IMPRESSIVE NEW DIVERSITY
Hozier’s American success represented an inspiring start to the year for Irish musicians, and it was followed more recently by another runaway breakthrough. Anyone who had been watching Fontaines D.C. develop and grow will have seen their potential. But even their most enthusiastic advocates must be hugely impressed with what they have achieved to date.
The charts offer the easiest way to nutshell their remarkable progress. Their debut album, Dogrel, leapt straight into the UK album countdown at No.4. But what’s more important still is the fact that it is a fine record, which captures what the band are about in a visceral and enormously persuasive way. They are also great live performers; and they are collectively – to purloin an old sports cliché – working their socks off, winning new fans everywhere they go, and building a level of momentum that currently seems unstoppable.
Better still, Fontaines D.C. are part of a scene. Other similar bands have emerged in Ireland – in many ways against the odds – over the past three or four years. Outfits like Thumper, Just Mustard from Dundalk, Saint Sapphire from Belfast, Inhaler, Vulpynes and The Murder Capital are operating in a similar indie, guitar-driven mode. All six are genuine contenders.

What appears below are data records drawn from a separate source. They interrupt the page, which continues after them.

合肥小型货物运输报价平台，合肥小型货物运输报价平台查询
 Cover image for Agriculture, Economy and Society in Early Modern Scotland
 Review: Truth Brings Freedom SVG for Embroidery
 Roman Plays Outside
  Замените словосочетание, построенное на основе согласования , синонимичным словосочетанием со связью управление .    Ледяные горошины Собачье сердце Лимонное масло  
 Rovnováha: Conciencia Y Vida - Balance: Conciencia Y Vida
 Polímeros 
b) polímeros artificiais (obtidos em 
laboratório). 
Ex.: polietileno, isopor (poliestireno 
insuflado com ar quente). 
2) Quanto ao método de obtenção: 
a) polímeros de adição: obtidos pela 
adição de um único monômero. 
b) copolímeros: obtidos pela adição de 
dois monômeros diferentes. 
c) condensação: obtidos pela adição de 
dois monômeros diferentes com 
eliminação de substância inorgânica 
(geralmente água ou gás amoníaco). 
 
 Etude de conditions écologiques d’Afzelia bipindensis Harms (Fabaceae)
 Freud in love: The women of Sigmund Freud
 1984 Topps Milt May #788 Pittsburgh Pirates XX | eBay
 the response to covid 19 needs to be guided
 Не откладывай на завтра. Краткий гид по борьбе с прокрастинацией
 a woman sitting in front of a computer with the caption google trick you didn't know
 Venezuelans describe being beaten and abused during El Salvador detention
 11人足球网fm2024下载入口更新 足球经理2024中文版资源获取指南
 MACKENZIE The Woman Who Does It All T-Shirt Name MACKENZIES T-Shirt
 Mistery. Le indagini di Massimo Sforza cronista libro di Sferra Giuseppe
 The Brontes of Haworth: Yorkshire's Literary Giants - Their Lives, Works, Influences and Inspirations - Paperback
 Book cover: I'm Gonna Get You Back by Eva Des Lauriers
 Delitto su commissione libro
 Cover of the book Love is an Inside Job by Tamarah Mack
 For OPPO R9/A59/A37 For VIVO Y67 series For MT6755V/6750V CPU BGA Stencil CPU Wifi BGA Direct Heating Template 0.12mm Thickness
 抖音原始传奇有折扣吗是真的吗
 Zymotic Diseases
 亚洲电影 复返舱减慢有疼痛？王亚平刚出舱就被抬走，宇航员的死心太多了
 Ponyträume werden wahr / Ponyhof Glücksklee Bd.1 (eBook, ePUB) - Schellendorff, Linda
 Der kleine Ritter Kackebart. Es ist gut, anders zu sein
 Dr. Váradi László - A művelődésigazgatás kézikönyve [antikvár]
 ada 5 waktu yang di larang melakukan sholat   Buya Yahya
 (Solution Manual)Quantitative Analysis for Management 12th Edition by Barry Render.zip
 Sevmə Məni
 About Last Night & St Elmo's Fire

The Murder Capital have been signed by Q-Prime – who manage Metallica, Snow Patrol, Foals, Muse and Red Hot Chili Peppers, amongst others. Musically, to date they have been fiercely impressive: their single ‘Green & Blue’ is a powerful, urgent track that calls to mind both Tim Buckley and Joy Division. They have what to takes to become huge.
All of which signals that, in Ireland, after a relatively fallow period, guitar rock is back, and with a vengeance. In the past, that might have been assumed to be at the expense of someone else, or at least of some other musical genre or movement. But there is no evidence that this is the case in 2019.
For a start, a lot of the musical snobbishness that had crept into things here has been sidelined. Irish rap and hip-hop is in rude health, with Maverick Sabre, Rejjie Snow, Kojaque and The Rusangano Family (and offshoots) setting standards, and bands like Chasing Abbey and Versatile – condescended to by some, but fuck that – winning huge audiences locally. The latter are about to headline a Live at the Marquee gig in Cork. Who’d have imagined that this might be possible three years ago – an Irish rap outfit without significant success outside this country doing a show on that scale?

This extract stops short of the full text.